GIVEN DATA Block Start

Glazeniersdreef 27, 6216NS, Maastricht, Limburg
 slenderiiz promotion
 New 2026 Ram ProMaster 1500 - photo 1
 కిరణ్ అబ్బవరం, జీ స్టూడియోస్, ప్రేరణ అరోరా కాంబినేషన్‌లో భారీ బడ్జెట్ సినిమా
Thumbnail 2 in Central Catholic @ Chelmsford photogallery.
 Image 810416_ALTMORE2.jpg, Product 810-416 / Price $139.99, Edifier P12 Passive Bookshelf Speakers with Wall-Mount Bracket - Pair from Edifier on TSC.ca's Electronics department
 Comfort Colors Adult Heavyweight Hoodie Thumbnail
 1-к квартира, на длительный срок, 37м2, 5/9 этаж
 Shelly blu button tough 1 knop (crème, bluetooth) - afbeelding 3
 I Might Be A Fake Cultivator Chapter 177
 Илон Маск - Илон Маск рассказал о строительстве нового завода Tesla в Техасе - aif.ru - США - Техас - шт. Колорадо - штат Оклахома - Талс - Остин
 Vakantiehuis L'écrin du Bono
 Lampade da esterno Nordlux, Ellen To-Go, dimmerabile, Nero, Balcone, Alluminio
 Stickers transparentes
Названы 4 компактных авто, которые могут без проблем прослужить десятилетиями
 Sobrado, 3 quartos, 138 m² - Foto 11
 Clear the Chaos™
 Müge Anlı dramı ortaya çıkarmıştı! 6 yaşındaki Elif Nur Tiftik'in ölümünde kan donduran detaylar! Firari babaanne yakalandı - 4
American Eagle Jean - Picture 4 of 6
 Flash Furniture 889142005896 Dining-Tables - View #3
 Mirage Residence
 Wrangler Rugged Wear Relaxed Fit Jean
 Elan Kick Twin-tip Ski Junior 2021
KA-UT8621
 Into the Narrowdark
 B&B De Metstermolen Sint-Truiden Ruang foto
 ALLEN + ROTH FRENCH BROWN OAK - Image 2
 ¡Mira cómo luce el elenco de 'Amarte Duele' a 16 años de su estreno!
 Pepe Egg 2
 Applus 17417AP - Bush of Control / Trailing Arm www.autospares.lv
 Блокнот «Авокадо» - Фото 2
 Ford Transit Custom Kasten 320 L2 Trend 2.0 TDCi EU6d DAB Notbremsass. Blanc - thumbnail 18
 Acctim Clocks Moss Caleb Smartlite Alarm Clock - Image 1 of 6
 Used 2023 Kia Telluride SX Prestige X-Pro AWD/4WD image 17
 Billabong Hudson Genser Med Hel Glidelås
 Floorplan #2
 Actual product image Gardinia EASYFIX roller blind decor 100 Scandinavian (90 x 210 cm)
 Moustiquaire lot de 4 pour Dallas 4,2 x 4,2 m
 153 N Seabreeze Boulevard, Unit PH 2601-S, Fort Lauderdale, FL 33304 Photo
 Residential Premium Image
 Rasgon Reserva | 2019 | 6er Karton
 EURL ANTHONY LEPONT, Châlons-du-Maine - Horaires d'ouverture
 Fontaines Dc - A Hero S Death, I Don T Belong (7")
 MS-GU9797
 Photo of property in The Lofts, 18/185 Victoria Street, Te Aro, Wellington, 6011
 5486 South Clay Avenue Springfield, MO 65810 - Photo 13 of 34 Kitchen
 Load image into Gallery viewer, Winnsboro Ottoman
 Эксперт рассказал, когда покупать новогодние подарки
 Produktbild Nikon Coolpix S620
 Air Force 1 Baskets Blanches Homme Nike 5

GIVEN DATA Block End

### PROBLEM TO SOLVE
Check every line of the entries above, and copy those that carry the string "рассказал".

### OUTPUT FOR THIS EXERCISE
 Илон Маск - Илон Маск рассказал о строительстве нового завода Tesla в Техасе - aif.ru - США - Техас - шт. Колорадо - штат Оклахома - Талс - Остин
 Эксперт рассказал, когда покупать новогодние подарки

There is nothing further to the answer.